Худшее обличье принимают вещи тогда, когда зло объявляется законным и с согласия власть имущих облекается в мантию добродетели.
Наши всегда различные и переменчивые действия не имеют почти никакого отношения к твердо установленным и застывшим законам… Да и то я считаю, что лучше обходиться совсем без законов, чем иметь их в таком изобилии, как мы.
Природа всегда рождает законы гораздо более справедливые, чем те, которые придумываем мы.
Почему наш язык, которым мы говорим в обыденной жизни, столь удобный во всех других случаях, становится темным и непонятным в договорах и завещаниях, и почему человек, умеющий ясно выражаться, не находит в юридических документах такого способа изложить свои мысли, который не приводил бы к сомнениям и противоречиям?
Чем больше тонкостей в языке юриспруденции, тем больше сомнений порождают они в умах людей.
От множества толкований истина как бы раздробляется и рассеивается.
Внашем праве обнаруживается так много несправедливости, и в смысле мягкости, и в смысле строгости, что я, право, не знаю, часто ли можно найти правильный средний путь между ними.
Наше правосудие протягивает человеку лишь одну руку, да и то левую.
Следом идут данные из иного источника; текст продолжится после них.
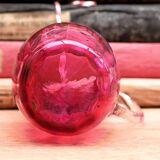 Pot à lait anglais en verre Cranberry de style victorien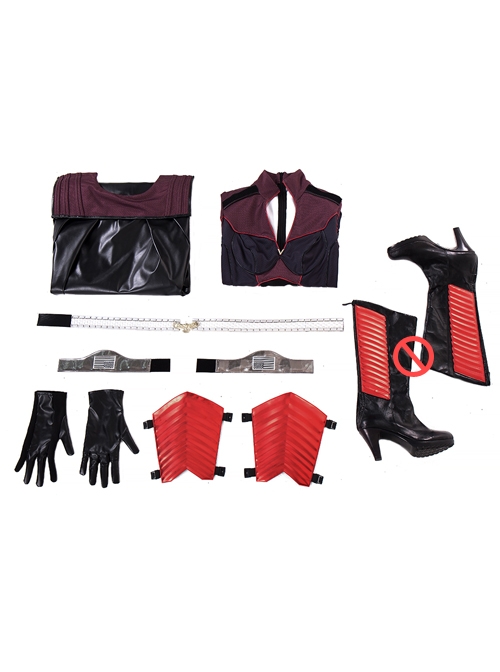 The Boys Season 2 Stormfront Dark Red Battle Suit Halloween Cosplay Costume Set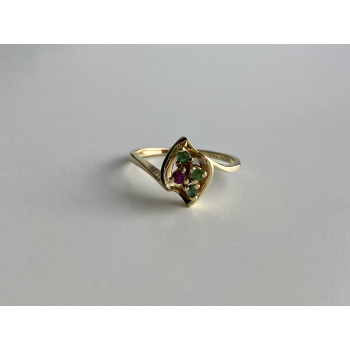 Sky Jewelry Золотое кольцо с изумрудами и рубином   Сладость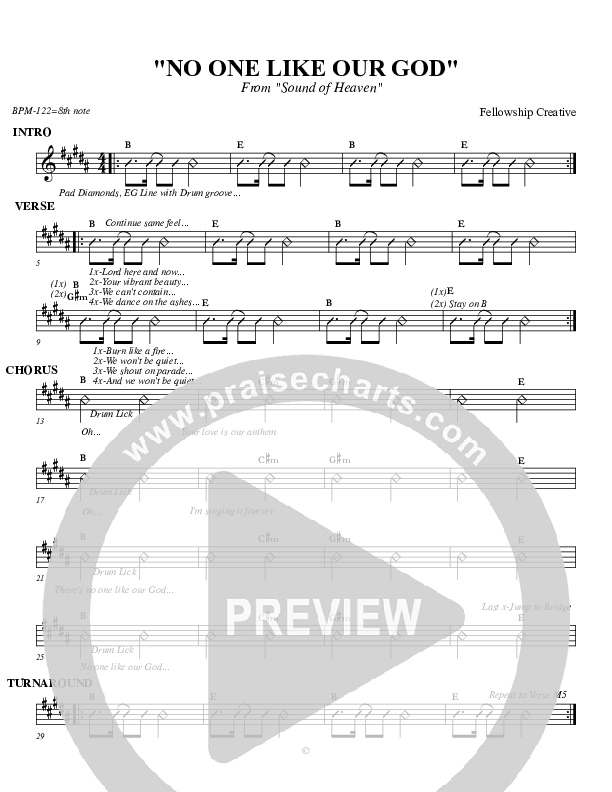 No One Like Our God Rhythm Chart (Fellowship Creative)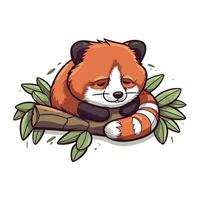 carino rosso panda addormentato su un' ramo. vettore illustrazione.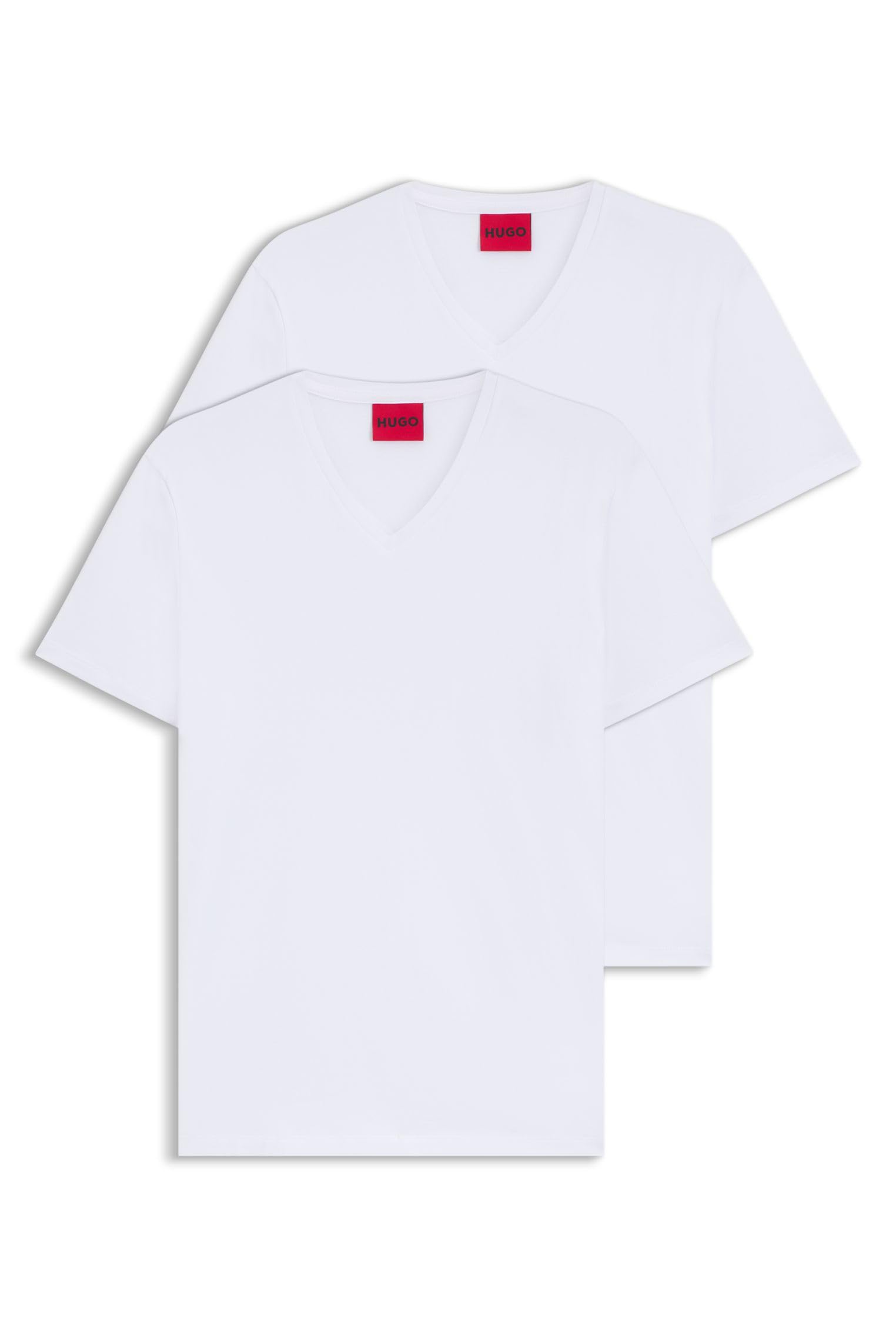 Hugo Men's Short Sleeve V Neck T Shirt - White - XL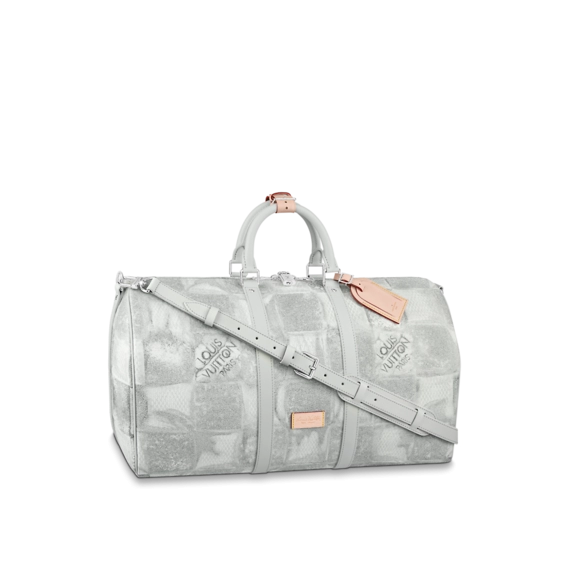 Shop Outlet Sale for Louis Vuitton Keepall Bandouliere 50 Stone Gray Men's Bag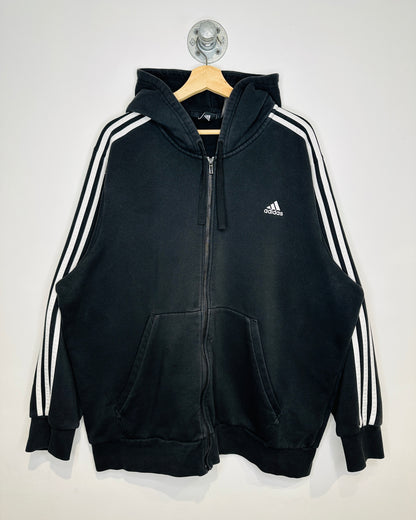 Adidas Two Stripe Black Zip Up Hoodie
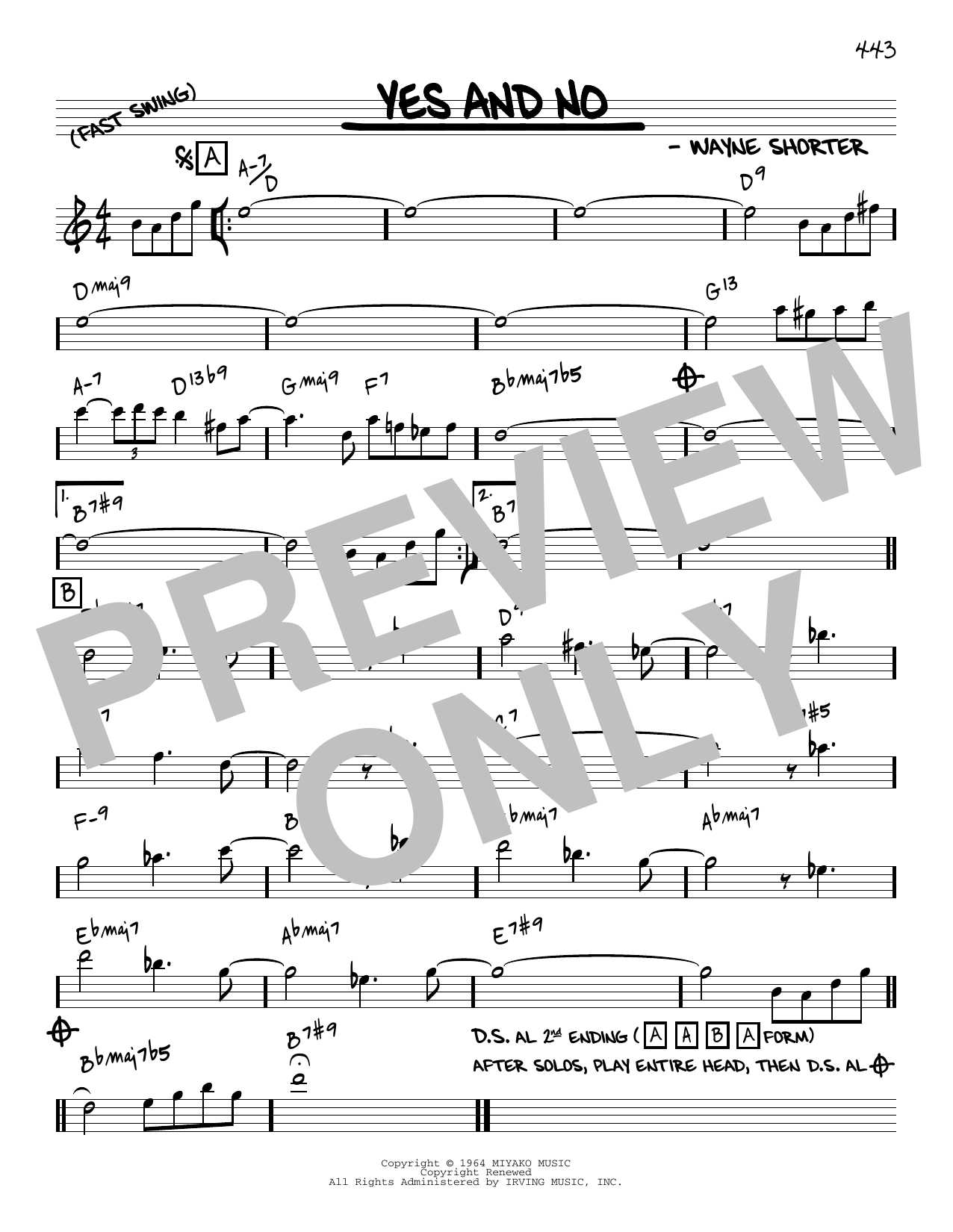 Wayne Shorter Yes And No [Reharmonized version] (arr. Jack Grassel) sheet music notes and chords arranged for Real Book – Melody & Chords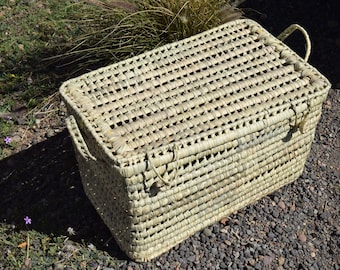 Handwoven Palm Leaf Storage Trunk | Boho Wicker Toy Chest, Laundry & Blanket Basket | Natural Moroccan Home Decor
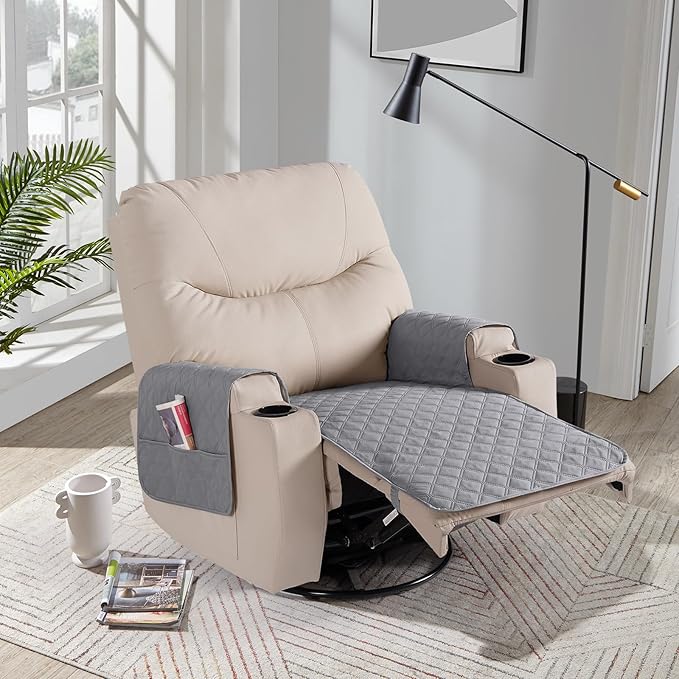 Ruaozz Waterproof Recliner Chair Covers Non Slip Chair Covers Washable Recliner Covers for Reclining Chair with Pockets Covers for Recliner Chair for Pets, Kids (Light Grey, Medium-25'')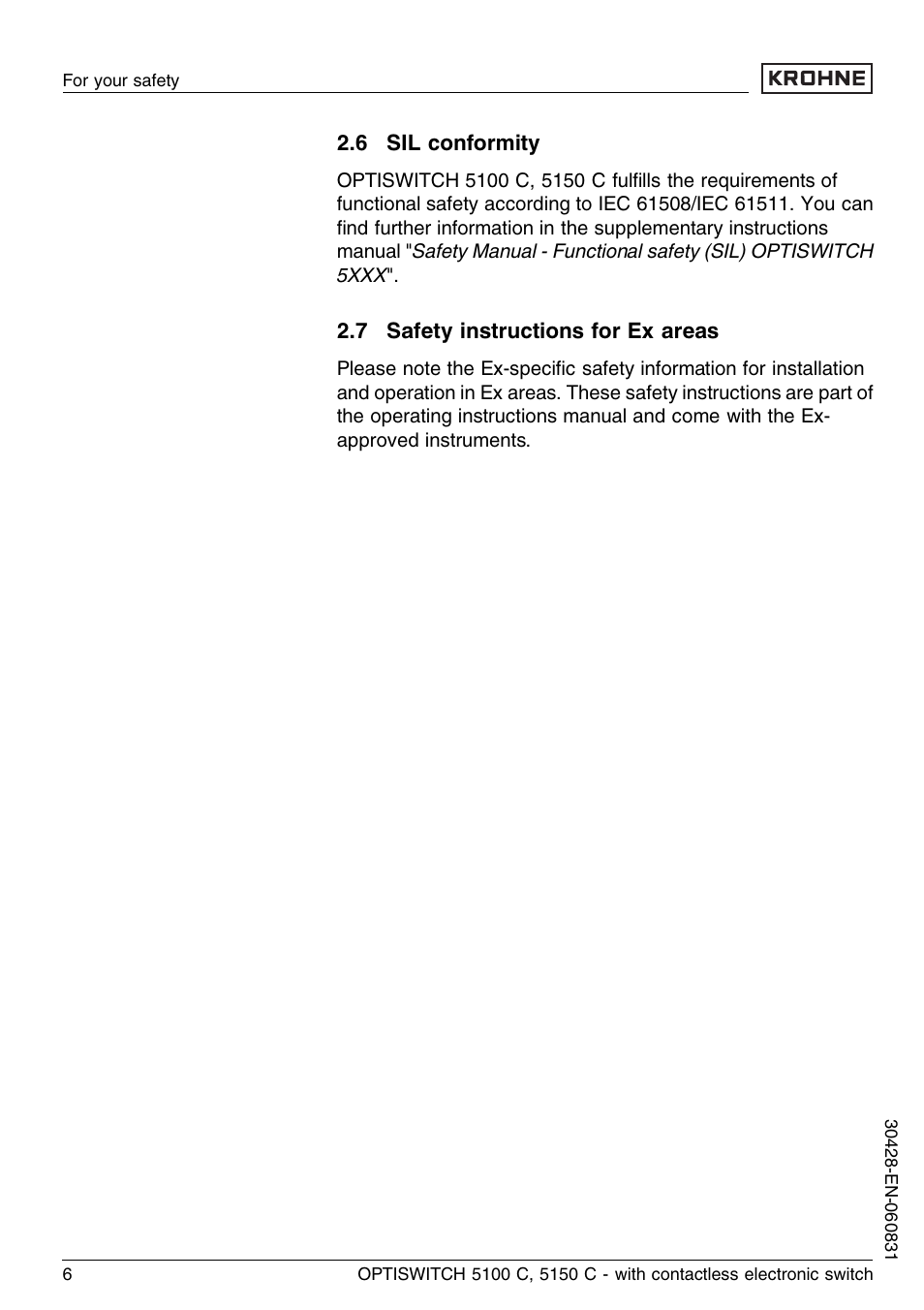 6 sil conformity, 7 safety instructions for ex areas | KROHNE OPTISWITCH 5100C Contactless EN User Manual | Page 6 / 32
Кем бы ты ни был, без ущерба не обойдешься.
Законы пользуются всеобщим уважением не в силу того, что они справедливы, а лишь потому, что они являются законами. Таково мистическое обоснование их власти, и иного у них нет.
Ничто на свете не несет на себе такого тяжелого груза ошибок, как законы.
Даже истине не дано преимущество быть высказываемой в любое время и при любых обстоятельствах: как ни благородно быть ее глашатаем, и это дело требует определенных условий, определенных рамок. Мир так устроен, что нередко ее доводят до слуха властителей не только без всякой пользы, но даже с дурными последствиями и к тому же неоправданно.
Из всех людей именно облеченные властью более всего нуждаются в правдивом и свободном слове.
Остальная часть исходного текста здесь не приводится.